When it comes to the sections of the Iditarod trail that traverse the Yukon River, Dallas Seavey’s two goals, he says, are somewhat contradictory.
On the one hand, the 2012 Iditarod champion likes to “charge the dog team” prior to hitting the (Norton Sound) coast. That is, rest and prepare the dogs so that they’re energized and ready for the last, competitive few days of the race.
On the other hand, Seavey also likes to get within “striking distance” of the leading teams, which means, most likely, running his dogs with some relative speed.
When it comes to this year’s race, as Dallas Seavey told KNOM on Saturday, he feels he’s done both goals fairly well.

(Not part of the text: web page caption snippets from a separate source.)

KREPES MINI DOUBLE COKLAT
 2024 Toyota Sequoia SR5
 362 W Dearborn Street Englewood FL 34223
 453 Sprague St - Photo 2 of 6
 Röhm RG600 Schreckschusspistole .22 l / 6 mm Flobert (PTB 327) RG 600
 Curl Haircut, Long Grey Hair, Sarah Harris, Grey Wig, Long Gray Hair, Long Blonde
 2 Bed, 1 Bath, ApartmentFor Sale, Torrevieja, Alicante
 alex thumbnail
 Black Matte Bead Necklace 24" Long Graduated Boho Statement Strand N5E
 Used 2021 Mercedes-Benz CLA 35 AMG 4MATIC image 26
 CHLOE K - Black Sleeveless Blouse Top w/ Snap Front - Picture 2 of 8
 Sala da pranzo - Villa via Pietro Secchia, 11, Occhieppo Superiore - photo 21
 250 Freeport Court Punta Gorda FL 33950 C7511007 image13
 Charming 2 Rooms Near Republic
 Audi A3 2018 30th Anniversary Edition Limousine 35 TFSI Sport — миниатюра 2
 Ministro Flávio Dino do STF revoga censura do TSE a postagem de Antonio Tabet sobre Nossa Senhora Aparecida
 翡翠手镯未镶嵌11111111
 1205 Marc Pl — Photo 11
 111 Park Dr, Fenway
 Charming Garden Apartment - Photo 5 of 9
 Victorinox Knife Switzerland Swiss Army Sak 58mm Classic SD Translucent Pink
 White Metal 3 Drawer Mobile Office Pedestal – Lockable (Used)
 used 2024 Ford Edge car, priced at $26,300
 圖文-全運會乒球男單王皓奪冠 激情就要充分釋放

In the Kaltag checkpoint, the musher caught up with trail reporter Laureli Kinneen and struck an upbeat but seemingly realistic tone.
Seavey said he’s “very happy” with his 2014 dog team and thinks a top-five finish is possible. As for another championship? This year, at least, he says that’s a “long shot.”
Regardless of his final position, however, Dallas Seavey was happy to be in Kaltag, ready to hit the coast; it’s the time when you actually get to race. Everything prior to Kaltag, he says, is largely preparation.
Hear Dallas Seavey in Kaltag:
As of early Sunday morning, Dallas Seavey is in 13th position; he departed Kaltag at 12:56pm on Saturday with 10 dogs (dropping one in Kaltag, down from 11).